Enquanto um terço dos alimentos são perdidos entre os vários momentos de passagem da cadeia de abastecimento, a restante fatia pertence aos consumidores finais. Apesar de “Portugal estar na linha da frente no combate ao desperdício”, como revelou o representante da FAO, organização da ONU, cada português desperdiça, em média, “97 quilos de alimentos por ano, sendo o pão, o leite e a fruta fresca, os produtos mais desperdiçados pelas famílias portuguesas”, destacou Isabel Mota. A responsável pela fundação que deu tecto à iniciativa destacou a natureza social do problema, alertando que as “soluções têm gerado falhas e, por vezes, até novos problemas”.
O Fórum surgiu pela mão da Secretaria de Estado da Alimentação e da Investigação Agro-Alimentar, em conjunto com a Associação Portuguesa de Empresas de Distribuição (APED), a Confederação dos Agricultores de Portugal (CAP), a FAO – Organização da ONU para a Alimentação e Agricultura, a Federação das Indústrias Portuguesas Agro-alimentares (FIPA), a Fundação Calouste Gulbenkian e a INOVISA, também representadas nas várias sessões, que deram conta das oportunidades e desafios no combate ao desperdício.
Segundo Isabel Mota, “cerca de um milhão de toneladas de alimentos são desperdiçados por ano, em todas as fases da cadeia alimentar”. Concordando que este é um tema que necessita de grande controlo e gestão por parte dos envolventes na produção, distribuição e consumo dos produtos, responsáveis ligados ao sector, desde a área da investigação até às áreas comerciais e relacionadas com a solidariedade, marcaram presença no fórum, onde assumiram a responsabilidade por um futuro mais equilibrado. No final dos debates, os intervenientes assinaram, um documento onde se comprometeram a desenvolver práticas especializadas na redução do desperdício.

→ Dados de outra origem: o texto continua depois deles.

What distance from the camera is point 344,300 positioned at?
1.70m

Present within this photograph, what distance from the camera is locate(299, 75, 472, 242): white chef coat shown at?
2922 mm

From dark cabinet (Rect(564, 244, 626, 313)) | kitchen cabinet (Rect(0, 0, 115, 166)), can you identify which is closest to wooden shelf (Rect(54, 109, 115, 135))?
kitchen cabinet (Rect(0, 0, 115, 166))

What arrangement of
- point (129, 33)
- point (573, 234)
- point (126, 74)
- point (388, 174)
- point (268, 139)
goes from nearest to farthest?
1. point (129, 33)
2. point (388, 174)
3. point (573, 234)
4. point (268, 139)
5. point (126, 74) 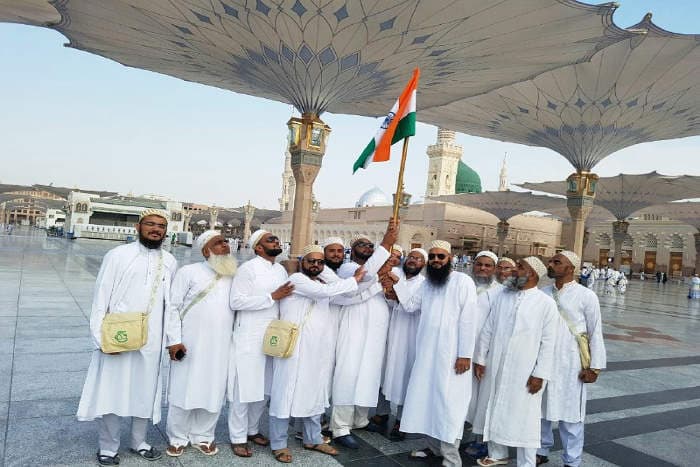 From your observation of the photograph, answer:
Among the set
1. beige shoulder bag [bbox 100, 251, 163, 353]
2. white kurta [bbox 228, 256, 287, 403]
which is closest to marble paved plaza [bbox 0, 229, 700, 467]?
white kurta [bbox 228, 256, 287, 403]

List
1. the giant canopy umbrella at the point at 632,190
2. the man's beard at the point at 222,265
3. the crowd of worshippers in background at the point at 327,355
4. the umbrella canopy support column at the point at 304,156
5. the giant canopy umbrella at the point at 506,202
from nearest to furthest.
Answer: the crowd of worshippers in background at the point at 327,355 < the man's beard at the point at 222,265 < the umbrella canopy support column at the point at 304,156 < the giant canopy umbrella at the point at 632,190 < the giant canopy umbrella at the point at 506,202

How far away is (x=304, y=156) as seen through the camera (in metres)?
13.1

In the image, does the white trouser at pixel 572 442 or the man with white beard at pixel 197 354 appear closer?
the man with white beard at pixel 197 354

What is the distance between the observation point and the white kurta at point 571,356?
312cm

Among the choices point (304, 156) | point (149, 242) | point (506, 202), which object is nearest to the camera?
point (149, 242)

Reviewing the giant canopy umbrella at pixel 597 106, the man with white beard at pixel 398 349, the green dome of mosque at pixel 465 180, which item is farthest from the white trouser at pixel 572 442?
the green dome of mosque at pixel 465 180

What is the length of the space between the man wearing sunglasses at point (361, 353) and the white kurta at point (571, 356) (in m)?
1.12

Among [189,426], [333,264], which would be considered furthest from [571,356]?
Answer: [189,426]

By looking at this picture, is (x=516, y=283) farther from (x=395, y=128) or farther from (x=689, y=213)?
(x=689, y=213)

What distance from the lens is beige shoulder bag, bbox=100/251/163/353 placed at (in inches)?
102

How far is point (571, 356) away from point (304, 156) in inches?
420

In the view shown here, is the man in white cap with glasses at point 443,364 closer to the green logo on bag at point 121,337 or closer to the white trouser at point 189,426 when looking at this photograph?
the white trouser at point 189,426

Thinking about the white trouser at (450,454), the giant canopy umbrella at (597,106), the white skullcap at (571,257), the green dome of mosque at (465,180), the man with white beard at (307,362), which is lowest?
the white trouser at (450,454)

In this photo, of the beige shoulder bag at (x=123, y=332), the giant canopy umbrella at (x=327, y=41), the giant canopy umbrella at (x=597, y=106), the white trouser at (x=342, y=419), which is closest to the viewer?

Distribuição faz 5% do desperdício
Novas plataformas online vão permitir no futuro um melhor aproveitamento dos alimentos. A CAP está a desenvolver para os agricultores portugueses uma rede virtual que permite a partilha do excesso de produção, registando os produtos, de modo a que o Banco Alimentar ou as ONG (Organização Não Governamental) e empresas possam ter acesso ao excedentário. Também o Governo espanhol disponibiliza um meio de comunicação entre os profissionais, via net, de modo a que desviem os produtos para os parceiros mais carenciados, compensando uns aos outros.
A directora-geral da APED, uma das associações responsáveis pelo fórum, referiu, por sua vez, um estudo feito em 2010 que aponta uma média de 179 quilos de alimentos desperdiçados por pessoa, na Europa, durante um ano. “Ao contrário do que se supõe, a distribuição é apenas responsável por 5% do desperdício, enquanto 47% vem das famílias, na Europa”, evidenciou Ana Isabel Morais.
A nível europeu, inseridas na iniciativa Europa 2020, para um crescimento “inteligente, sustentável e inclusivo”, estão medidas que promovem a segurança e a gestão de recursos. No que diz respeito ao desperdício, o objectivo proposto é o de reduzir para metade, até 2020, os alimentos inutilizados em toda a cadeia de valor. A necessidade é a de uma governação com políticas e instrumentos ajustados, por exemplo, a partir do novo Quadro Comunitário Europeu, como sugeriu o Presidente da CAP.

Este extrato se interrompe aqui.